I love Europe. I think that it is marvelous and wonderful. Old Europe, New Europe, middle-aged Europe; it matters not. I am a fan.
But I have never bought into the idea that the European welfare state is a viable model, either for Europe, or for us. And with this article, we see that the European welfare state may soon go the way of the dinosaur and the dodo bird. This despite the fact that Europe had every advantage thought possible in order to make its welfare state work:
Europeans have boasted about their social model, with its generous vacations and early retirements, its national health care systems and extensive welfare benefits, contrasting it with the comparative harshness of American capitalism.
Europeans have benefited from low military spending, protected by NATO and the American nuclear umbrella. They have also translated higher taxes into a cradle-to-grave safety net. “The Europe that protects” is a slogan of the European Union.
But all over Europe governments with big budgets, falling tax revenues and aging populations are experiencing rising deficits, with more bad news ahead.

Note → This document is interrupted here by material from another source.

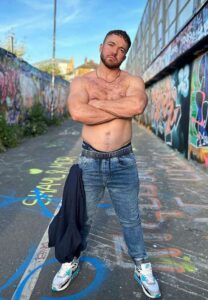 Gabriel-Cross14 Gabriel-Cross-เท่มาก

For as long as any of us can remember, we were told that higher taxes, and lower defense spending would bring about a better quality of life for us all–both in Europe, and in the United States if only we were wise enough to adopt European social welfare policies. So much for that promise. The ongoing financial crisis in Europe proves conclusively that the European social model is no match for free-market economic policies. It is still fashionable to criticize the latter, but how many people want to continue doing that–while extolling the supposed benefits of the European social model at the same time–when the verdict has come in, and when we see that Europe’s social policies are completely unsustainable?
We ought to take cues from the Europeans in one sense; it is high time to reform our Social Security system so that the retirement age is higher (the natural consequence of increased life expectancy). Unfortunately, there is little talk of that here in the United States, which means that we will have a pension crisis of our own eventually to accompany the general fiscal crisis that comes from a rapidly expanding budget deficit and national debt.